Geodynamic models of subduction dynamics have illustrated the profound effects of non-Newtonian rheology and absolute viscosity on subduction channel morphology, rates and styles of exhumation, and even subduction plate speeds. For example, Gerya et al. (2002) show that non-Newtonian rheologies (and relatively high effective viscosities, ∼1018 Pa-s) in the channel favor the formation of large-scale, self-organizing, coherent flow patterns, which are reminiscent of nappe structures characteristic of many exhumed subduction terranes, including Syros. Additionally, exhumation by forced return flow in a subduction channel is predicted to occur much faster—on the order of plate velocities—for Newtonian, low-viscosity shear zones (Gerya and Stöckhert, 2002). Furthermore, non-Newtonian, higher-viscosity shear zones are capable of transferring stress from the subducting to the overriding lithosphere more efficiently, leading to greater degrees of mechanical coupling (e.g., Androvičová et al., 2013; Agard et al., 2018) and relatively slow subducting plate speeds (∼2–4 cm/yr) compared to a Newtonian, lower-viscosity shear zone (>10 cm/yr) (King and Hager, 1990; Behr and Becker, 2018). In all of these cases, the predominance of dislocation creep in quartz schists and mafic schists is likely to contribute to complex evolution in subduction zone structure and dynamics, as different materials with evolving rheological properties cycle through the subduction shear zone.

In addition to steady-state dynamics and bulk interface viscosity, power-law viscous creep—as opposed to rate-and-state friction along a planar fault—along the subduction interface is important to understanding rock response to transient stress fluctuations, such as intermediate depth earthquakes and ETS, for several reasons. Firstly, power-law creep mechanisms will affect the rates and spatial distributions of host-rock stress loading and postseismic relaxation, owing to their high stress exponents (n = 3–4) (Poirier, 1985; Hirth and Kohlstedt, 2003). Secondly, the mechanisms of “healing,” or damage reduction, associated with viscous creep differ from those characteristic of frictional interfaces. For example, damage reduction on faults is achieved by fluid-assisted precipitation of new mineral phases on the fault plane (e.g., Sheldon and Ord, 2005; Sheldon and Micklethwaite, 2007), whereas damage reduction in the viscous regime is commonly achieved by grain growth processes (Handy, 1989; Kameyama et al., 1997). Thirdly, distributed viscous shear in the bulk rock should influence the rates and pathways of fluid migration, through, for example, different diffusion mechanisms and/or through the development of fabric anisotropy (e.g., Kirby, 1985).

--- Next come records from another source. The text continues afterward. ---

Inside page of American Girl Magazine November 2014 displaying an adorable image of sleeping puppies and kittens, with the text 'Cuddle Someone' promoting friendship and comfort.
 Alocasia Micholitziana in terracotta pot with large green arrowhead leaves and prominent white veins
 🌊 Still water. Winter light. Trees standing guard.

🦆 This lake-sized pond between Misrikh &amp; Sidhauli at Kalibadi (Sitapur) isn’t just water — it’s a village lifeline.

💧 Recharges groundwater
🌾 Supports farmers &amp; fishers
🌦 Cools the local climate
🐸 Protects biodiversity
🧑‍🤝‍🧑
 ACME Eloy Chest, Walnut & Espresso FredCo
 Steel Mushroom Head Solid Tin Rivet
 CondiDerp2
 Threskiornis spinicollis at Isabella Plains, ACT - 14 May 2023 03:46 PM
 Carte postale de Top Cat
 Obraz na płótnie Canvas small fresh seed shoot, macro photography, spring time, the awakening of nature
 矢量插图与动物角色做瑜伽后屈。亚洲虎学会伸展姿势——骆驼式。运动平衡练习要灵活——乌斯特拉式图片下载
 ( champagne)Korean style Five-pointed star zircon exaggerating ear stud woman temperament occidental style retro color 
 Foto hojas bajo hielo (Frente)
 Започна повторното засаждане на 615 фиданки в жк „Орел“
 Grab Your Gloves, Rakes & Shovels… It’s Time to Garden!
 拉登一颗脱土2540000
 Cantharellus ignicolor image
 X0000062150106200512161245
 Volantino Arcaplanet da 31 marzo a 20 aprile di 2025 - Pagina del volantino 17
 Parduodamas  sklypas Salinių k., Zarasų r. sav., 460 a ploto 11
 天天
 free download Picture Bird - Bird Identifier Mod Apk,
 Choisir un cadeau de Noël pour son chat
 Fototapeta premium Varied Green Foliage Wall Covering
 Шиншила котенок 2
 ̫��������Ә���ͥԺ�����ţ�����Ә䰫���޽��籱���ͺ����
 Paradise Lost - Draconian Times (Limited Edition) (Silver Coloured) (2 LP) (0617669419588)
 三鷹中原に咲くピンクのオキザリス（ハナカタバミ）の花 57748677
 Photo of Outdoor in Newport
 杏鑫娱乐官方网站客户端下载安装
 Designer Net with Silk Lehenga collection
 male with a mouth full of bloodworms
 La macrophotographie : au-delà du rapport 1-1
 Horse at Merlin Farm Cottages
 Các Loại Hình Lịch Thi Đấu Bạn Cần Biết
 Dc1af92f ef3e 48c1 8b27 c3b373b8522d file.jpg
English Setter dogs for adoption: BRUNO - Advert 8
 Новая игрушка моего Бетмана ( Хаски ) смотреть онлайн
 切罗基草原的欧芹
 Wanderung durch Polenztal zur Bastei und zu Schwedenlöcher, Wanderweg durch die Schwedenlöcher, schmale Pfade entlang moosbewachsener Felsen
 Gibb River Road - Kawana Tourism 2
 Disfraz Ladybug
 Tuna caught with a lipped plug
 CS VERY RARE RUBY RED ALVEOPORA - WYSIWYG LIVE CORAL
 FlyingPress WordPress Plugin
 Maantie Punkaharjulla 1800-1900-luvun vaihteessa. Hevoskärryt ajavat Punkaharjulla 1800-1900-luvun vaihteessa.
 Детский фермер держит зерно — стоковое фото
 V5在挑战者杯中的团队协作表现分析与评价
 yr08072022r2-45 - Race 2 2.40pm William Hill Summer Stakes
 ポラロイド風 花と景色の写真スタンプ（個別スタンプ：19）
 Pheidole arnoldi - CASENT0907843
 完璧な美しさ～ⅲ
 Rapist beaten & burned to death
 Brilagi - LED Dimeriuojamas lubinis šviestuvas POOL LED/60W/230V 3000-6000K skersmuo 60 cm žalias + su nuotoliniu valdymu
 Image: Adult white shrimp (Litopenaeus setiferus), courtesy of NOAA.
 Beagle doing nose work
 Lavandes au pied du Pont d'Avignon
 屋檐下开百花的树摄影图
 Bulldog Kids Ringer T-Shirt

4.2.2 Brittle Deformation Associated with Heterogeneities

Independent of the host-rock creep mechanisms, the three exposures on Syros each preserve structural relationships that record multiple generations of dilational, mineralized shear fractures (e.g., “dilational hydro-shears” documented by Fagereng, 2011) in meta-mafic heterogeneities in the presence of fluids. Key lines of evidence for this include crosscutting vein generations filled with a variety of high-pressure minerals. At Kini, for example, glaucophane, phengite, and chlorite occupy veins forming under blueschist-facies conditions. Additionally, vein-filling phengites at Kini have relatively high Si per formula unit values (Behr et al., 2018) that are comparable to those reported for blueschist-facies metamorphism elsewhere in the Cyclades (e.g., Putlitz et al., 2005; Bröcker et al., 2013), which indicate they are growing (and veins are opening) under relatively high pressures consistent with blueschist-facies conditions. Semi-brittle, low-Na omphacite porphyroblasts are fringed by asymmetric pressure shadows with higher-Na omphacite, and Riedel shear fractures are decorated with high-Na omphacite and glaucophane, indicating coupled brittle-viscous shear occurred in Kini blueschists under increasing pressure conditions during subduction (cf. Figs. 6A and 6B). At Agios Dimitrios, the oldest blueschist-facies veins (glaucophane + epidote) are crosscut by younger greenschist-facies veins (actinolite ± epidote), which indicate repeated vein cycles during exhumation (cf. Section 3.2, Fig. 8). At Fabrikas, glaucophane-filled veins indicate eclogites are transiently brittle under retrogressive blueschist-facies conditions (cf. Section 3.3, Fig. 10). At all localities, older generations of veins are commonly rotated into parallelism with the dominant matrix and crosscut by younger, higher-angle veins indicating fracture and vein-fill events occurred in multiple cycles through time (cf. Section 3).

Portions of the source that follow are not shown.